SEM photograph of wire EDMed surface in case-1 condition.


Figure 9.

SEM photograph of wire EDMed surface in case-1 condition.


SEM photograph of wire EDMed surface in case-2 condition.


Figure 10.

SEM photograph of wire EDMed surface in case-2 condition.


SEM photograph of wire EDMed surface in case-3 condition.


Figure 11.

SEM photograph of wire EDMed surface in case-3 condition.

The negligible residual stress value of 8.2 MPa in case-2 was observed during machining of aluminum alloy whereas it was not in the case of other metals machined with EDM processes. For example, Navas et al. [3] obtained the surface residual stress value of 420 MPa and 190 MPa during rough and finishing conditions respectively in the machining of AISI O1 tool steel. Ekmekci (2007) [9] found the varying surface residual stress values in the range of 220–320 MPa in the machining of plastic mold steel. Ghanem et al. [4] found the intensity of surface residual stresses on hardenable and non-hardenable steels of approximately 750 and 500 MPa respectively. Newton et al. [14] measured surface residual stresses of Inconel 718 and the surface residual stresses of approximately 200–450 MPa were observed. Ghanem et al. [4] found the tensile residual stress of 750 MPa and by applying the secondary process of polishing on the same surface a compressive residual stress value of 130 MPa was observed during machining of tool steel. Bonny et al. [6] found varied residual stresses in the range of 100–500 MPa during machining of WC–Co hard metals. The above comparisons between hard and soft metals on residual stresses were not scientific as machining of different materials was not done at the same conditions but it gives a peripheral idea about the role of machining conditions and the scope for further reduction of residual stresses on different materials.
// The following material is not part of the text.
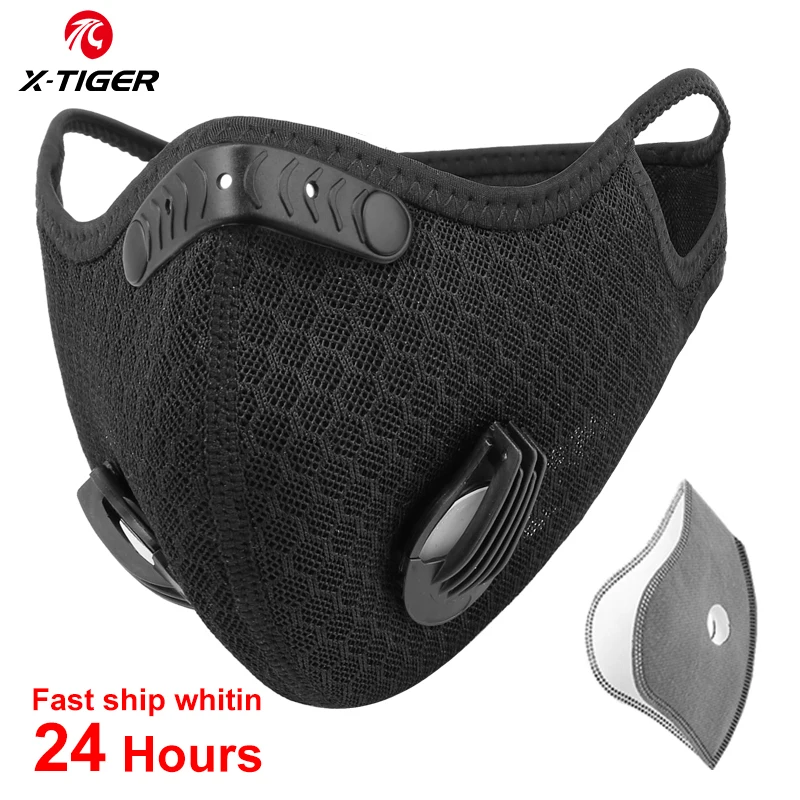 X-TIGER велосипедная маска для лица дышащая анти-загрязнение с фильтрами из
4. Conclusions and future scope

The residual stress measurements were made on aluminum 2014 T6 alloy and all the stresses were observed to be in-plane tensile in nature. The S/N ratio analysis was conducted and an optimal parameter setting was obtained at level 1 for TON, level 1 for IP and level 2 for SV where low or negligible residual stresses were observed. Analysis of variance was conducted at a confidence level of 95% and it was found that all the main control factors TON, IP and SV had shown significant effect. Among the interactions one 2-way interaction (TON∗IP) and 3-way interaction (TON∗IP∗SV) had shown significant effect, whereas the rest of the interactions TON∗SV and IP∗SV had shown no effect on residual stresses. The relative effect of parameters and interactions on residual stresses was in decreasing order of IP, TON, TON∗IP, SV and TON∗IP∗SV. Increased residual stress and surface roughness values were observed with an increase in cutting speed. The spark energies generated during machining at various conditions led to the formation of various intermetallic phases viz., AlCu and AlCu3. The AlCu3 intermetallic observed in case-1 condition was much more anisotropic than other intermetallics, so its formation must be either prevented or controlled. The maximum residual stress value obtained in this investigation was 405.6 MPa which was less than the ultimate tensile strength of the material; hence, no surface cracks were observed at any of the machining conditions. Though surface cracks were not observed, higher values of residual stresses and surface roughness were not preferred for long service life and for good surface integrity. The lower side of residual stress values in aluminum 2014 T6 alloy when compared to hard metals revealed the scope for further reduction of residual stresses in machining of various other materials.